Years later at my father’s funeral, my dad’s best friend comes over and starts telling this story from another perspective. He tells me, “When we all younger and I was a cop, I’d fly the police helicopter over to your house and shine the lights on your house to mess with your dad. He’d come outside and moon us.” All this time, I had no idea what the bright lights were until then. It all made sense.” (reddit_man64)

Finally Realized: Giphy

21. “When I was about 11 and my sister was 14, she came home from a sleepover with a large red welt on her neck. When my mother questioned her about it, she wove an epic tale of a fight amongst friends, culminating in the use of tootsie rolls as projectiles. Though she had remained neutral, she was sadly struck in the neck during the crossfire.
My mom apparently decided to see how far my sister was willing to take this story. She feigned indignation and said she wanted the phone numbers for the girl that threw the tootsie roll and the girl that hosted the party, to inform their mothers of the incident. There was talk of cutting those friends out of my sister’s life.
At the time, I was horrified that that had happened to her. Years later, I realized my mother decided to troll instead of addressing the fact that her daughter came home from a “girls-only” “supervised” sleepover with a hickey.” (SpeechieBee)

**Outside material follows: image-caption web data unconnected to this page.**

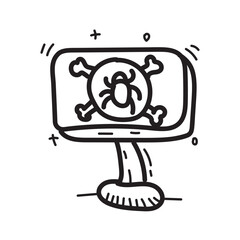 Doodle computer viruses icon outline vector
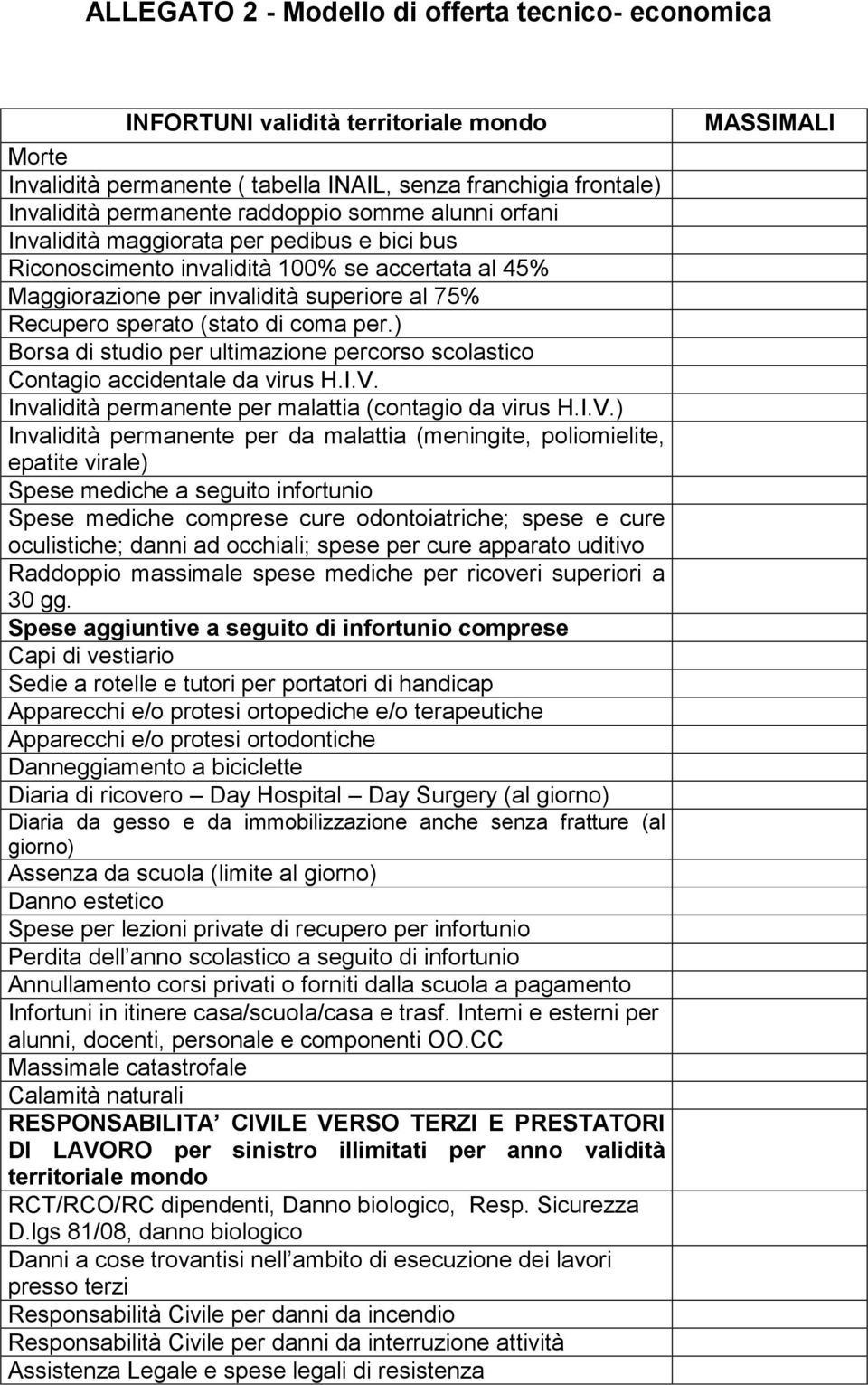 ) Borsa di studio per ultimazione percorso scolastico Contagio accidentale da virus H.I.V.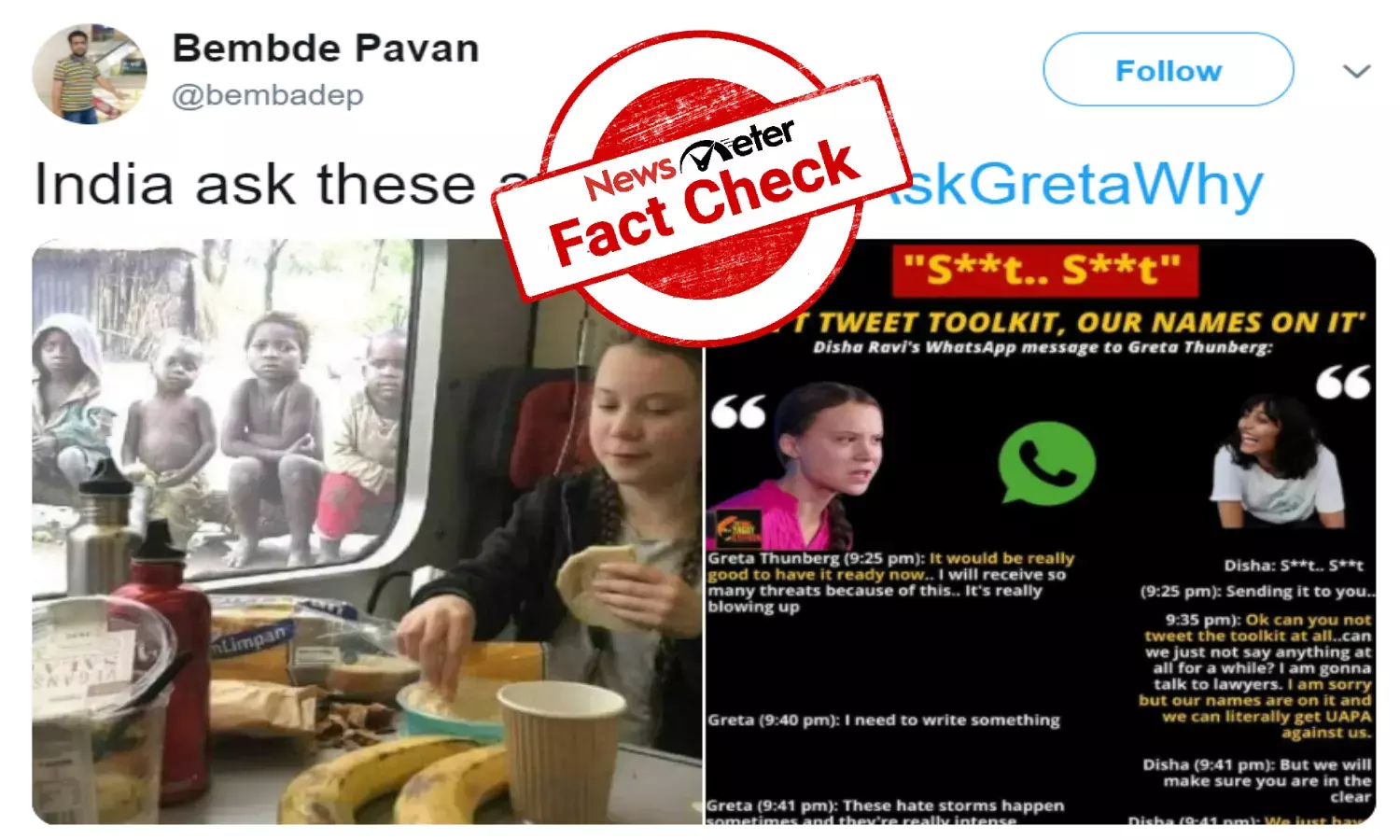 Fact check: Viral picture of Greta Thunberg eating on train has been edited
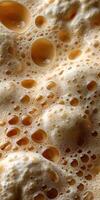 Protein shake with frothy texture captured in close-up detail photo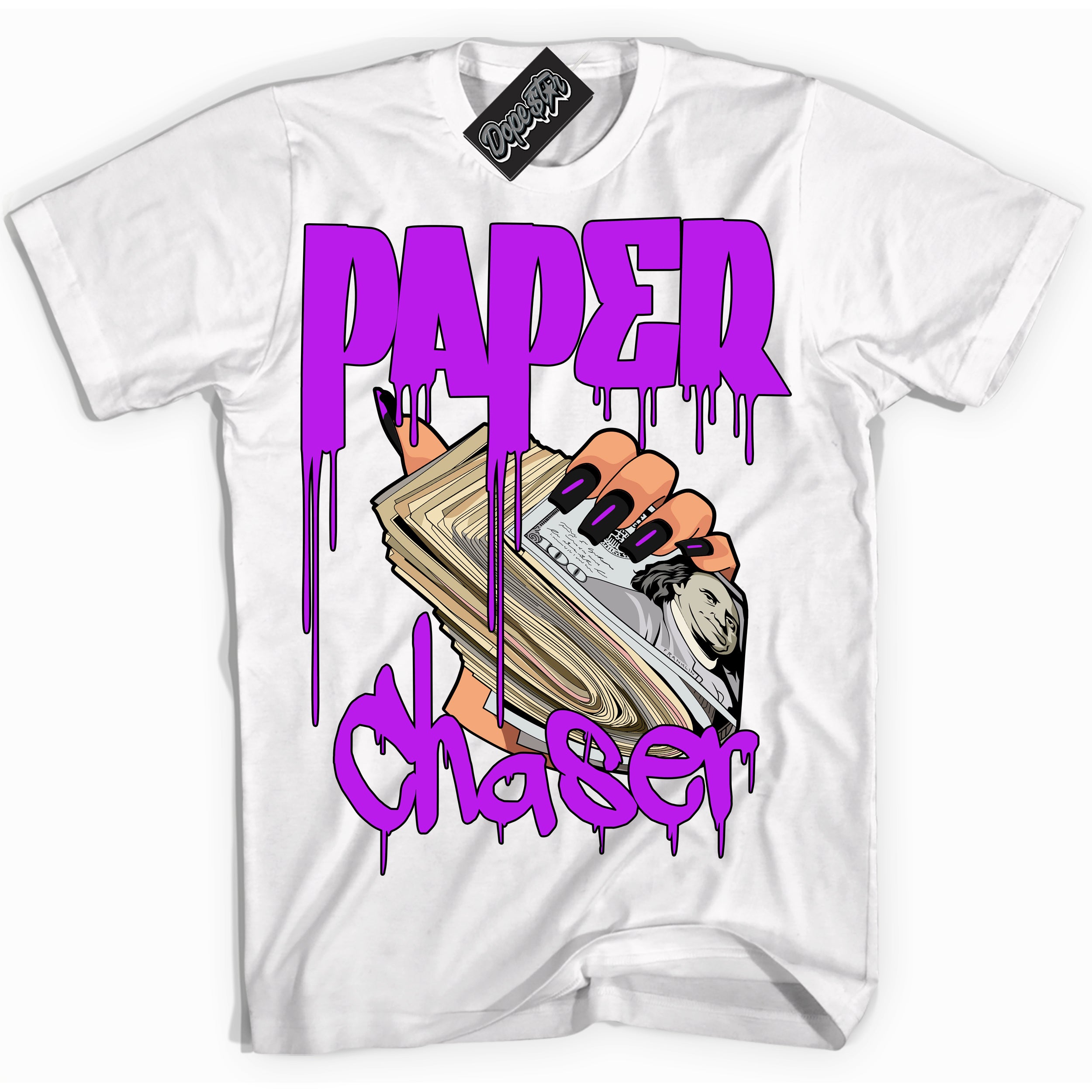 Cool White Shirt with “ Paper Chaser” design that perfectly matches RTKT Genesis Dunk Sneakers.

22. “When I was a kid, up until age 13 or so, I thought I could see bacteria. I would be walking along and then I would see this clump of bacteria, maybe 5-8 cells long, float through my peripheral vision. If I tried to focus on them, they went away. Only later a friend’s dad overheard me telling his son, and told me it was the remnants of your in-utero blood vessels floating in front of your eyes. I thought I was going to develop X-men-type powers when I fully hit puberty. It was disappointing.” (isanthrope_may)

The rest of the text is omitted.